Siti menambahkan bahwa penyelesaian pembahasan program kerja Kesepakatan Paris ini tentu saja harus berdasarkan prinsip, tidak melanggar nilai-nilai dan sesuai dengan legalitas di Indonesia.

BACA JUGA: Brown to Green Report 2018: Indonesia Semakin Jauh dari Target Kesepakatan Paris 

Seperti diketahui, Pasal 28 Undang-Undang Dasar 1945 menyatakan bahwa hak asasi manusia serta hak rakyat untuk mendapatkan lingkungan yang bersih. Kemudian Pasal 33 berbunyi Sumber Daya Alam (SDA) harus dikelola dengan berkelanjutan.

“Berdasarkan kedua pasal tersebut sangat jelas identitas Indonesia secara konstitusional sangat berperan aktif di sektor perubahan iklim ini. Jadi sebetulnya Indonesia tidak ketinggalan dalam praktik-praktik pengendalian iklim dan inovasi kita banyak. Kita bukan hanya waspada dan memahami perubahan iklim lalu bersikap, sekarang kita sudah harus advokasi. Kita ajak orang untuk peduli, kritis, bertindak dan advokasi,” tegasnya.

Lebih lanjut Siti menyampaikan bahwa beberapa waktu lalu sejumlah pejabat dari United Nation Environment Programme (UNEP) berkesempatan melihat langsung pengelolaan sampah di Kota Surabaya.

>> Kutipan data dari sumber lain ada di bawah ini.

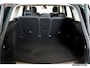 MINI Countryman 1.5 Cooper S E ALL4 Sfeerverlichting | Keyless | British Racing Green
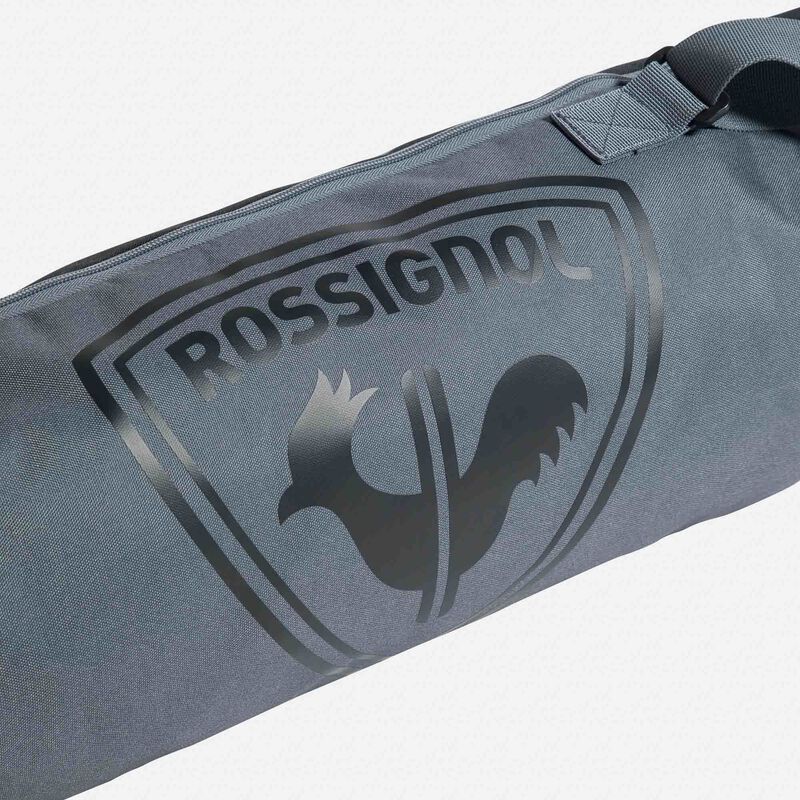 Rossignol Tactic Ski Bag Ex Sht140 180cm Rklb202 3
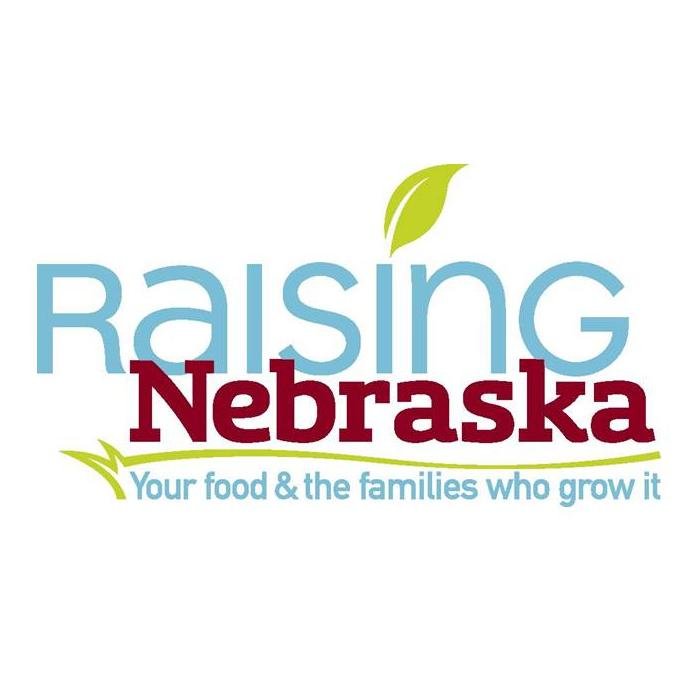 An experience designed to help visitors better understand and appreciate the advancements, impact and global leadership of Nebraska agriculture.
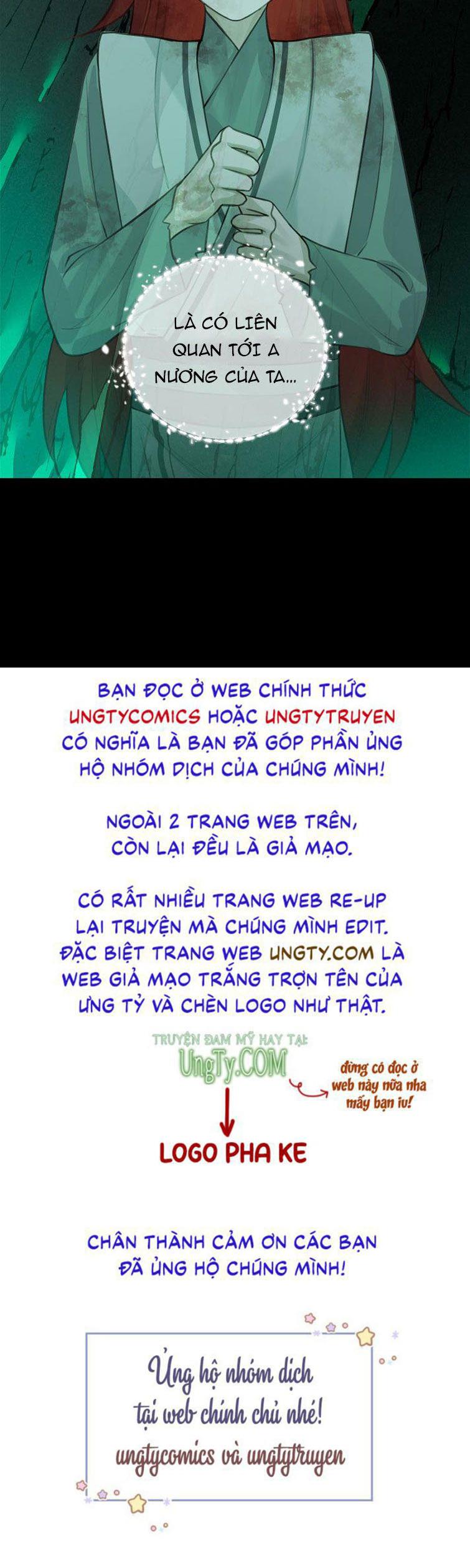 Bổn Tôn Tại Tông Môn Dưỡng Quỷ Hút Máu: Chapter 15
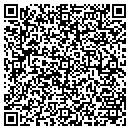 QR code with Daily Dispatch contacts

“Mereka terkejut karena banyak yang sudah dilakukan, misalnya tiket bus menggunakan lima botol plastik, sebelumnya itu hanya ada di Sidney dan Turki, sekarang ada di Surabaya. Ada juga hotel di Bali yang sudah dua bulan tidak menggunakan pipet plastik lagi tetapi pakai pipet kertas, ada yang dari kaca juga. Jadi sebetulnya sudah banyak (yang dilakukan) dan itu baru contoh kecilnya saja,” ujar Siti.

BACA JUGA: Indonesia Dukung Adanya Panduan Pelaksanaan Paris Agreement 

Sejak 2015, arah kebijakan Indonesia dalam pengendalian perubahan iklim adalah ketahanan iklim (climate resiliance) dan keadilan. Menurut Siti hal tersebut menekankan kekuatan daya adaptasi bangsa yang disebut ketahanan nasional.

“Jadi, yakinkan bahwa Indonesia tidak terpengaruh apapun yang terjadi di dunia karena kita mempunyai ketahanan nasional dan mandat dasar dalam konstitusi untuk bangsa Indonesia,” kata Siti.

Penasihat Senior Menteri LHK Bidang Perubahan Iklim dan Konvensi Internasional selaku Ketua Delegasi Republik Indonesia untuk UNFCCC, Nur Masripatin mengatakan bahwa arahan dari Siti Nurbaya tersebut ingin menguatkan posisi Indonesia.

“Pernyataan Ibu Menteri itu memberikan penguatan terhadap kita, bahwa Kesepakatan Paris konsisten dengan institusi Indonesia dan jangan sampai terbawa arus yang ada di luar. Untuk proses negoisasi dan adaptasi, kita punya ruang yang besar. Di situlah kita memastikan bahwa kepentingan Indonesia terjaga,” kata Nur.